Hyperthreading typically improves performance, in some cases by a significant amount (up to 5-10%). In general, if schedule mdrun to run on the entire node and use all cores and thread of the node (and keep thread internal thread pinning on either), it will do the right thing. If you want to control things manually, e.g. to compare performance with / and without Hyperthreading , you can use the -pinstride option (e.g. -pinstride 2 will skip using every second hardware thread, that is only use one thread per core).
The mdrun command I use is gerun mdrun_mpi -v -deffnm md_0_1 -replex 100 -cpi -append -multidir sim[0123]
You mentioned -pinstride 2 option, should this be included in the computational resources, or in the mdrun command? Should I just use 2 or any other number?
I am sorry I am not an expert on computer architecture.
My current understanding is, (are they correct?)
one node consists of multiple cores
one core should commonly have one thread (i.e. without hyperthreading), or have two threads (i.e. with hyperthreading).
What does -pinstride 2 actually do?
Our cluster website also mentions MPI processes, like the below. What does it mean?
export OMP_NUM_THREADS=2
export OMP_NUM_THREADS=80
Also, if hyperthreading is good, why not just use it? In other words, why it is by default disabled?
Here you request 80 MPI ranks (tasks) hence placing 2 MPI tasks on a core and assuming that affinity setting (i.e. the mapping of the application threads to the CPU cores) is done correctly, this will use of HyperThreading. It may not be the ideal setup (for the specific hardware and simulation settings), but it will likely be close.
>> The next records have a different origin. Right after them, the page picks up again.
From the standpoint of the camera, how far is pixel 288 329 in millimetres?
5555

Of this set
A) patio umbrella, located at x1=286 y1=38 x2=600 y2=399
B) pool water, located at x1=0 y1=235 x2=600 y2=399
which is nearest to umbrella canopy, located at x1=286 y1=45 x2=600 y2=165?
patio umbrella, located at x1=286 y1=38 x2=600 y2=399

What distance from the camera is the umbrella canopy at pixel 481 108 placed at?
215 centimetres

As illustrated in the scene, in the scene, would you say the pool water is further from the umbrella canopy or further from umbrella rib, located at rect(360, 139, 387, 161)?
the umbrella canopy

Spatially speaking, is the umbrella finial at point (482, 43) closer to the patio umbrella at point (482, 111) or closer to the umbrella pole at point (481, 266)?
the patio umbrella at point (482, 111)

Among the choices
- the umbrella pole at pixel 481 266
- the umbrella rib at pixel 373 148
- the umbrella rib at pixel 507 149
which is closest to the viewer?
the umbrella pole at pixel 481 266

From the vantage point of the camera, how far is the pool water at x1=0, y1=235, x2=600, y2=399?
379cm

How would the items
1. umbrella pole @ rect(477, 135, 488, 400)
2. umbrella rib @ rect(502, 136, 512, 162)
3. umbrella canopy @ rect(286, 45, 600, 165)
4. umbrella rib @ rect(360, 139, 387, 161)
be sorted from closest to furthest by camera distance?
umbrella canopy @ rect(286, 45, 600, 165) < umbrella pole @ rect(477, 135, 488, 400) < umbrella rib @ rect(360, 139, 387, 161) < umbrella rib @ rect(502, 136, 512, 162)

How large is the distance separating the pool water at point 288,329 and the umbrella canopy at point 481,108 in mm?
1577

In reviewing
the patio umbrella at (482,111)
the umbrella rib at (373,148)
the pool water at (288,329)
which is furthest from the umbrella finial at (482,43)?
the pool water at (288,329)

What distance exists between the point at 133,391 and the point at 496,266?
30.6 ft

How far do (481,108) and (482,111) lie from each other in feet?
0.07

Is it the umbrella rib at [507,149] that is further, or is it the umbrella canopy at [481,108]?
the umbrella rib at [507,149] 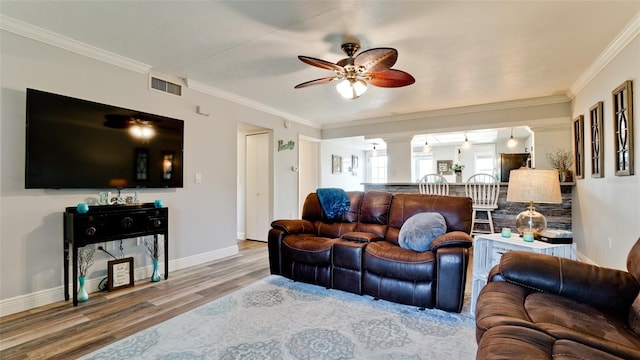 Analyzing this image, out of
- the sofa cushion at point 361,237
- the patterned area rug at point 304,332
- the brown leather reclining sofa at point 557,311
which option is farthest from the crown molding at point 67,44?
the brown leather reclining sofa at point 557,311

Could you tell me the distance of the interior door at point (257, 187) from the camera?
539 centimetres

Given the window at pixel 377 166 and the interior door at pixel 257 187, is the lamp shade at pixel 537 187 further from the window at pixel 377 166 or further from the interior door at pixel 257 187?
the window at pixel 377 166

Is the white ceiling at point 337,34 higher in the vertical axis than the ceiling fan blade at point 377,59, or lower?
higher

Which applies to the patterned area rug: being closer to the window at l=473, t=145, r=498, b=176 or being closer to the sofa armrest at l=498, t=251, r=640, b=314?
the sofa armrest at l=498, t=251, r=640, b=314

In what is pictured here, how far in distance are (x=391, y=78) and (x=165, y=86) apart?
2.62 metres

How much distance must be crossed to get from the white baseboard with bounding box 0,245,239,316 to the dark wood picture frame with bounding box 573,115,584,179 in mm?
5038

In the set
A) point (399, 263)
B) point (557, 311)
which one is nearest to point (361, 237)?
point (399, 263)

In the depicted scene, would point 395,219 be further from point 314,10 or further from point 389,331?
point 314,10

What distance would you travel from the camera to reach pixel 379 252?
2633mm

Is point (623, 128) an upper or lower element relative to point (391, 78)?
lower

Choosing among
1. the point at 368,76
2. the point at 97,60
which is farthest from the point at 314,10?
the point at 97,60

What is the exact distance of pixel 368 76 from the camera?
283 centimetres

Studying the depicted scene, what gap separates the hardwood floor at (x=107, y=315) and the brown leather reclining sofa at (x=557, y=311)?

As you do not explicitly request pinning the default will be used, which in this case means that, as all cores/threads of the CPU are used, unless your jobs scheduler itself sets thread affinities, mdrun will default to -pin on. If you pass the same explicitly, you can make sure that mdrun does pinning itself. You should see a note in the log whether pinning is done or skipped (and why).
Stride 1 or 2 are the only useful values for the type of hardware you have (with 2 hardware threads per core). A stride of 1 is used when placing 2 threads onto a single core (when HyperThreading / SMT is available), and a value of 2 is used when placing a single thread of a core.
Of course, you have to adjust the total number of threads you launch (across all ranks in a node) accordingly, i.e. in your case 40 total threads should be launched to not use HyperThreading and 80 to use it.
Correct. Also note that even if the hardware supports it HyperThreading (more generally called simultaneous multithreading (SMT)) can be disabled by a system administrator. Check the hardware detection report in the beginning of the log file which will show the details of CPU features detected.
See above.
These are OpenMP threads. MPI and OpenMP are two different means to parallelize work across CPUs: the former relies on distributing work across multiple processes while the latter across threads within a single process. I recommend that you read up separately about these.
It is not disabled by default, if mdrun is allowed to manage threading itself, it will make use of the hardware threads exposed by the HyperThreading feature.
Many thanks for your detailed explanation. Sorry I replied a bit late.
After confirming with our cluster staff, the situation is:
1 node = 40 physical cores = 80 virtual cores = 80 slots
Using -pe mpi 80 alone would NOT enable hyperthreading
To enable hyperthreading, we need to choose an optimal layout of dividing up MPI processes vs threads. My simulation has 16 subfolders for the Gromacs REMD, so it seems that the MPI should be a multiple of 16. As I have tested, in one hour time with 80 cores requested:
You can see that export OMP_NUM_THREADS=10 gives the best performance. So how can I further select the optimal layout of dividing up MPI processes vs threads?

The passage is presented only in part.